If we insist that the term disabled people is only for people with impairments, then we are back to foregrounding the individual. There is no way we can play with language and pretend impairment is anything other than a deficit word. ‘Impairment’ sets us up to compare a fictitious norm with something less than the norm (not other or different, but less). I find the Indian term ‘inconvenience’ far less irritating. It recognises that some aspects of our bodies and brains can be incredibly inconvenient to us as we try to operate and thrive in a world that disables us.

My second problem with disabled identity is that I am me. I am unique. I have an identity as me. It is very difficult to pick one aspect of what makes me me and foreground it as THE aspect that should be the primary influence for how I interact with the world. When I met the legal criteria for being a disabled person (and actually I still do in many respects), that was not always the side of me that dominated how society and I interacted or the reasons I was dis-abled. I have attributes in common with David Cameron, my friend with Down Syndrome, Jeremy Corbyn, the woman in drug abuse recovery, the person who does not identify as male or female. And I face barriers to fulfilling my potential and being valued for me for all those reasons.  I have an identity. That identity is me. Me as a whole person. So that is why I have never accepted a disabled identity. 

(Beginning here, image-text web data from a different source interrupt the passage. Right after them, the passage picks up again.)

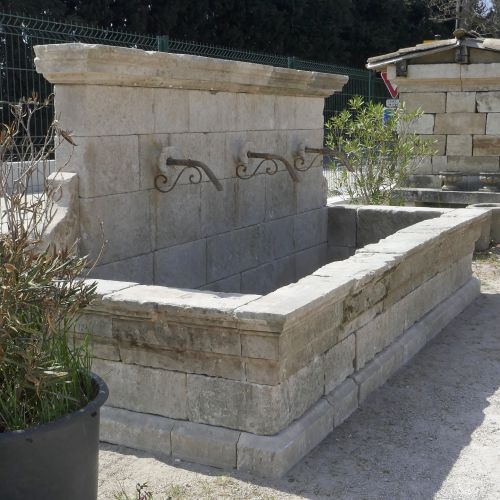 Large fontaine rustique en vieilles pierres patinées par le tailleur de pierre en Provence Alain BIDAL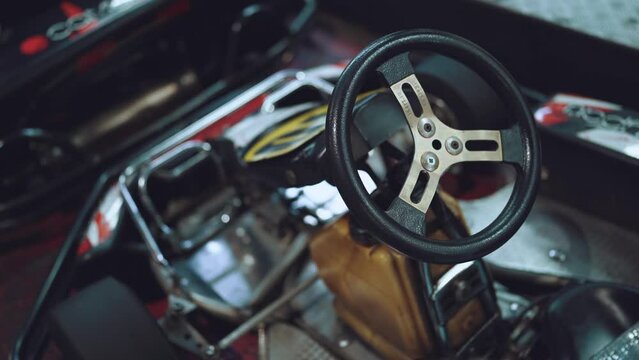 Close-up of the steering wheel of a go-kart without a driver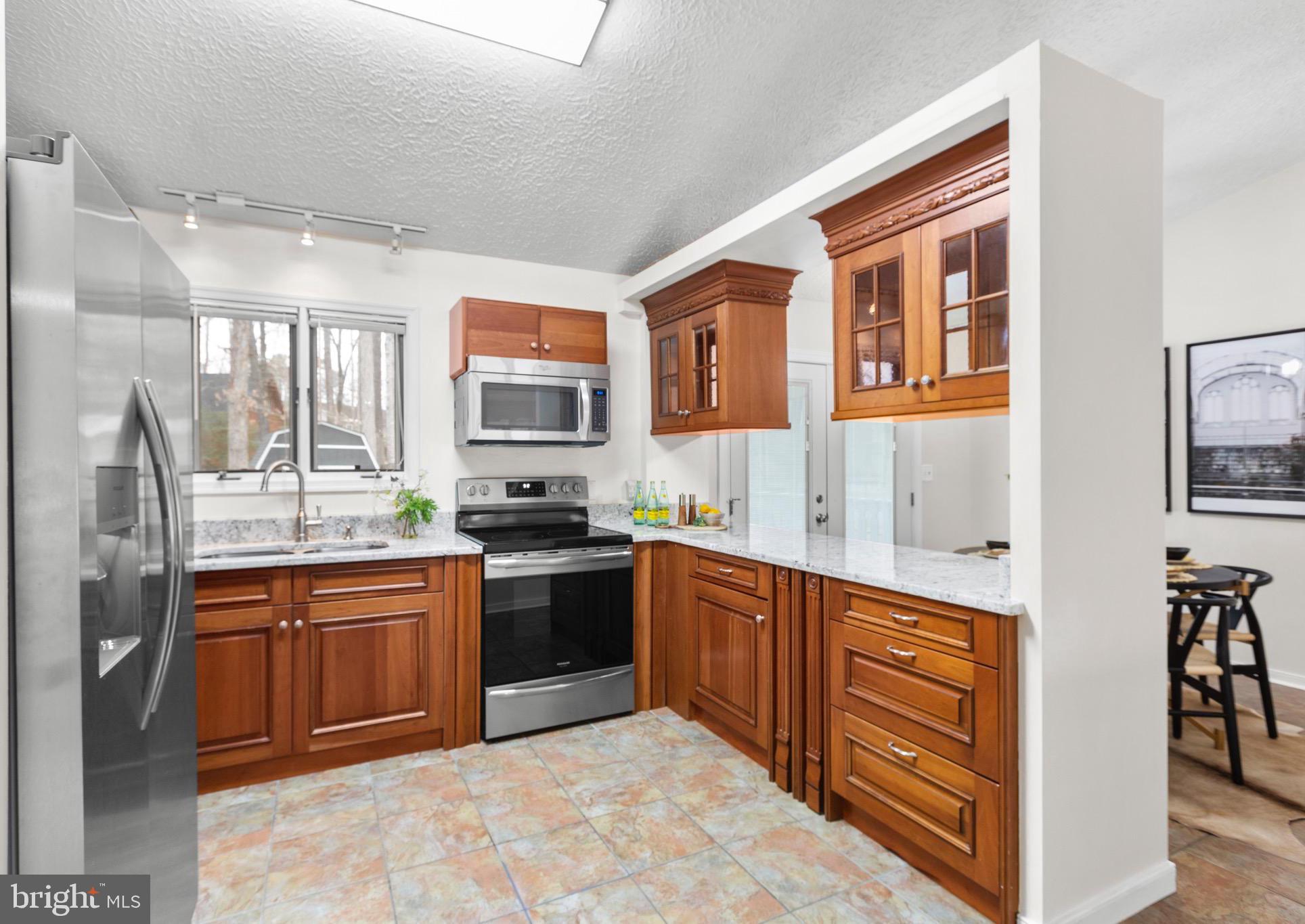 915 Kent Drive Ruther Glen, VA 22546 - Photo 16 of 42 Kitchen with Granite and SS Appliances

Now, I will gladly be labelled and identified with others who share being disabled by a particular social barrier. Labels can make it easier to lobby and fight to get rid of that specific barrier. I’m particularly happy to publicly own a label that I could have hidden, because that label is highly stigmatized. I’m articulate, got great support networks and a strong sense of self and I have the luxury of the choice to hide that label and ‘pass’ as ‘normal’. By publicly sharing the label, I am challenging the stereotypes that go with the label, and standing in solidarity with people who cannot hid from their label. That does make sense to me.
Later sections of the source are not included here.